Commission hears university’s ‘Jordanstown masterplan’ appeal

A computer-generated image of how the UU campus at Jordanstown might look if redevelopment plans get the go-ahead.
A computer-generated image of how the UU campus at Jordanstown might look if redevelopment plans get the go-ahead.
  • Appeal hearing concludes in Belfast
  • Commissioner to rule on plan for 600 new homes
  • Decision could take weeks, or even months

Ulster University’s bid to overturn a planning refusal decision in respect of its ‘Jordanstown masterplan’ has been heard by the Planning Appeals Commission.

Local residents and representatives on both sides of the issue must now await the outcome of the appeal, which took place in Belfast on Tuesday, April 5.

The university has submitted plans to build 600 new homes, shops and car parking on part of its current Jordanstown campus, following the planned move to its new state-of-the-art campus in Belfast.

The redevelopment masterplan also proposes the retention of sports facilities, student accommodation and the FireSERT research centre at the Shore Road site.

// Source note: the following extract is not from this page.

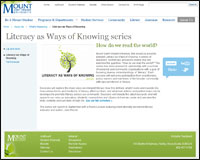 Mount Saint Vincent University hosting ‘Literacy as Ways of Knowing’ series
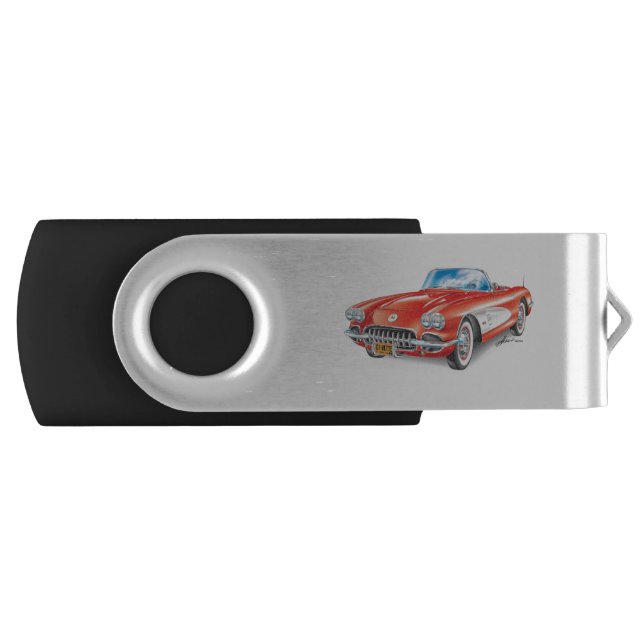 C-ONE AUTOMOBILE ART FLASH DRIVE (Front)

However, following significant local opposition to the scale of the project and concerns over what many Jordanstown residents feel has been a lack of meaningful consultation about the plans for the site, the university’s outline planning application was turned down last year.

At a meeting on August 17, members of Antrim and Newtownabbey Borough Council’s Planning Committee agreed with a planning department refusal recommendation for the multi-million pound scheme.

“In refusing the planning application the council considered that a quality housing layout had not been demonstrated, with the proposed development of 600 houses failing to respect the context of the site, and its specific features and constraints,” a council statement said.

“It was considered that the development as proposed would have a negative impact on the parkland setting at the university site, would reduce the level of planned open space and result in the loss of a significant number of protected trees at the site. It was determined that all of these factors would adversely affect the character, amenity value and biodiversity of the site.”

Now, in a bid to overturn the council’s decision, the university has taken its case to the Planning Appeals Commission (PAC).

Tuesday’s ‘informal hearing’ saw planning and legal experts for the university go up against planning officials and legal representatives for Antrim and Newtownabbey Borough Council, as both sides put their cases to the commissioner.

Confirming that the hearing had been concluded on Tuesday afternoon, a spokesperson for the PAC said a decision could take a matter of weeks, or even months.

“The commissioner will consider all of the discussions and all of the submissions and then make their decision. The timeframe depends on the complexity of the case and other case workloads,” she said.